Making a connection

Harmonica wizard of J. Geils Band fame teams up with Shun Ng

By MIKE COTE
Union Leader Staff
June 03. 2015 2:26PM
If you go...
WHO: Magic Dick and Sun Ng

WHEN: 8 p.m. Sunday

WHERE: Portsmouth Book and Bar, 40 Pleasant St., Portsmouth

TICKETS: $20

INFO: 427-9197; bookandbar.com

While there’s nearly a half-century between their birth dates, harmonica player Magic Dick knew he found a musical soulmate when he met guitarist and singer Shun Ng.

It was hardly a chance meeting. The long-time member of Boston’s legendary J. Geils Band was stunned when he heard Ng’s 2012 debut CD “Funky Thumb Stuff” and saw some of his videos on YouTube. Magic Dick (aka Richard Salwitz) loved all the space he heard in Ng’s finger-style acoustic guitar playing.
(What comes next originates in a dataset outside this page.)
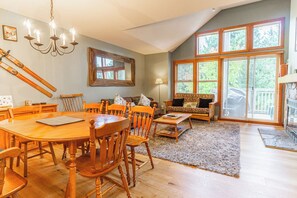 智能电视、壁炉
And he had ideas about how he could fill some of it.

“I was immediately taken by his arranging, his composing and more particularly by his performance, his uncanny ability to play and sing the way he does and the amount of space he leaves in his compositions and his playing, ” said Dick, who performs with Ng on Sunday at the Book and Bar in Portsmouth.

Shun Ng

Shun was born in Chicago but raised in Singapore. He returned to the United States a few years ago via a scholarship to the Berklee College of Music, where he studied for two semesters before leaving to work as a full-time musician. The guitarist is known for his frenetic fingerwork, thumb-plucked bass lines, and making every note count. Including the ones he doesn’t play.

“The fact that there’s this space makes a huge difference to me and to my desire to want to do this with Shun because the moment I recognized that space, I thought, ‘Ah.’ I could hear harmonica there in what he was doing,” Dick said this week from his home outside Boston.
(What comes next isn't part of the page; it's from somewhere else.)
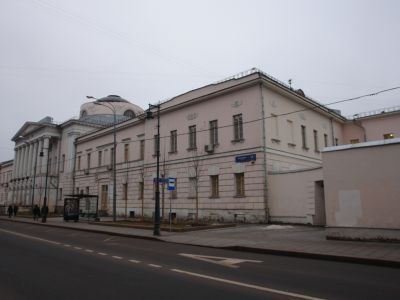 Два боковых корпуса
So Dick sought out Ng, who also is based in the Boston area, and the two connected during an initial meeting that lasted more than three hours. Thus began a musical partnership just beginning to take off.

The Book and Bar gig is the latest in only about a half-dozen shows they’ve booked since beginning their collaboration. The only recorded evidence to date is a year-old YouTube video of Dick and Ng performing James Brown’s “Papa’s Got a Brand New Bag.”

But it’s a stunner. The call-and-response guitar-harmonica workout starts off bluesy before going full-throttle funk. It’s the work of two men pulling off the parlor trick of sounding like a full band, thanks to Ng’s percussive guitar work, Dick’s rhythmic harmonica style and notes both played and suggested.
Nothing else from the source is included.